[Task item] Please repeat the entries exactly as they appear and omit any images.

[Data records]
---*---
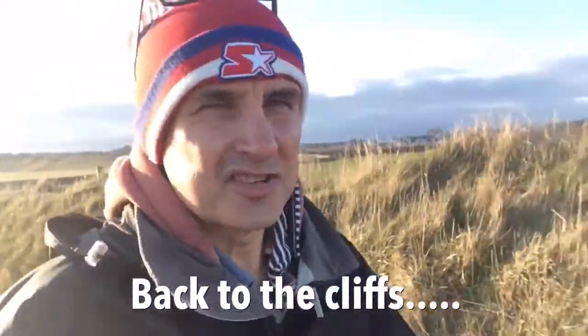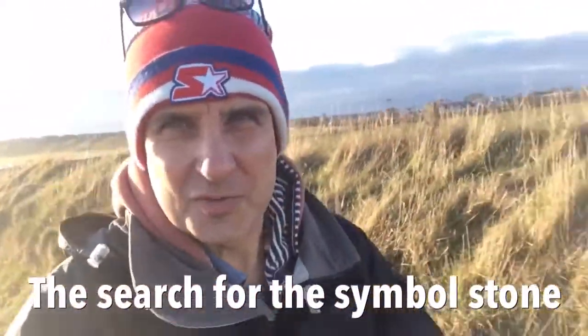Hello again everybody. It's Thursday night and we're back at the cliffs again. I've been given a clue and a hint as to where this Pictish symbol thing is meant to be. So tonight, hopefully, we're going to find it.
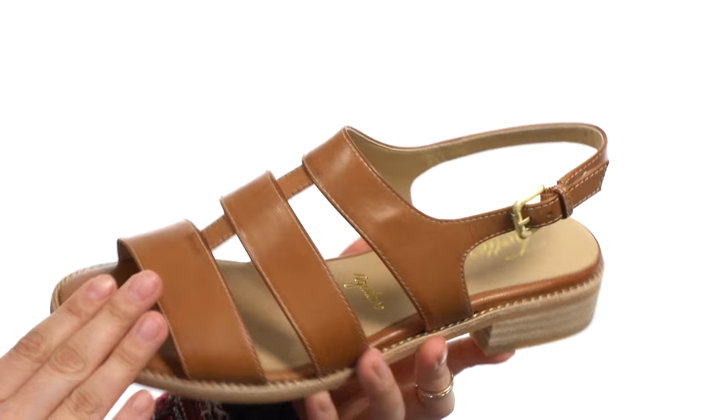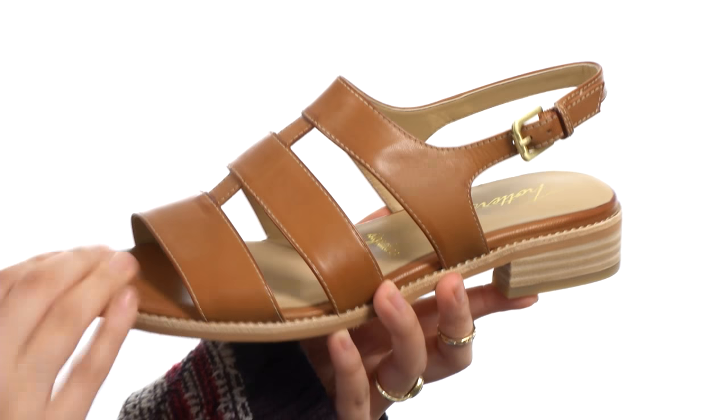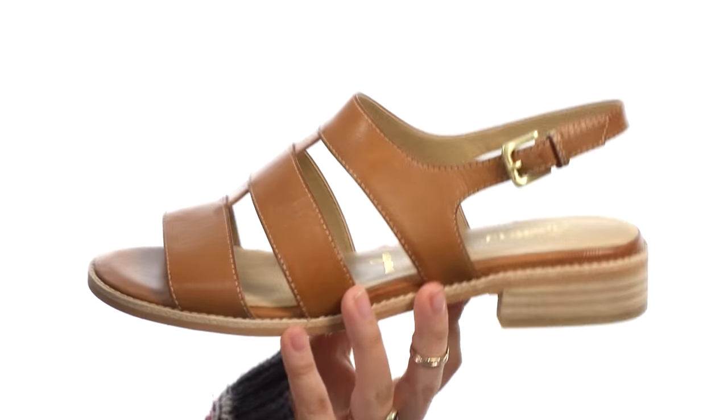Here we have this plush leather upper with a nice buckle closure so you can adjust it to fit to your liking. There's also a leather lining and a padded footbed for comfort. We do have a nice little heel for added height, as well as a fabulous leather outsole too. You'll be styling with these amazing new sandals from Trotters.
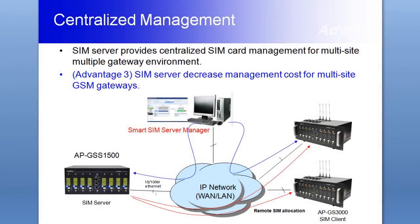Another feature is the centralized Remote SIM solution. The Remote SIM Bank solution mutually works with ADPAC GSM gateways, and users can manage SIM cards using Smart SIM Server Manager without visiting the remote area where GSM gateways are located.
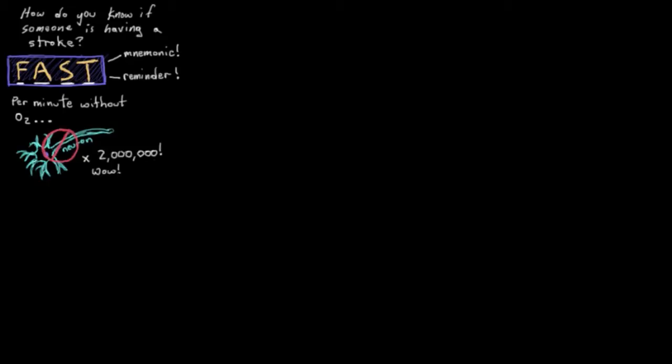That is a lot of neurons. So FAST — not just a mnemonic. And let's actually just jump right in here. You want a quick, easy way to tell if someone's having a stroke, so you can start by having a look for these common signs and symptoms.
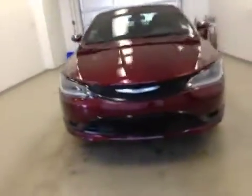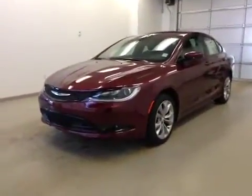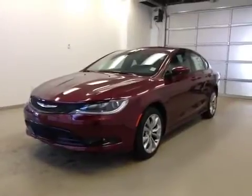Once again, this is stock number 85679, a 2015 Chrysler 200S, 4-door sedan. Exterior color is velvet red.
---*---
[Reply to the task]
Hello again everybody. It's Thursday night and we're back at the cliffs again. I've been given a clue and a hint as to where this Pictish symbol thing is meant to be. So tonight, hopefully, we're going to find it.
Here we have this plush leather upper with a nice buckle closure so you can adjust it to fit to your liking. There's also a leather lining and a padded footbed for comfort. We do have a nice little heel for added height, as well as a fabulous leather outsole too. You'll be styling with these amazing new sandals from Trotters.
Another feature is the centralized Remote SIM solution. The Remote SIM Bank solution mutually works with ADPAC GSM gateways, and users can manage SIM cards using Smart SIM Server Manager without visiting the remote area where GSM gateways are located.
That is a lot of neurons. So FAST — not just a mnemonic. And let's actually just jump right in here. You want a quick, easy way to tell if someone's having a stroke, so you can start by having a look for these common signs and symptoms.
Once again, this is stock number 85679, a 2015 Chrysler 200S, 4-door sedan. Exterior color is velvet red.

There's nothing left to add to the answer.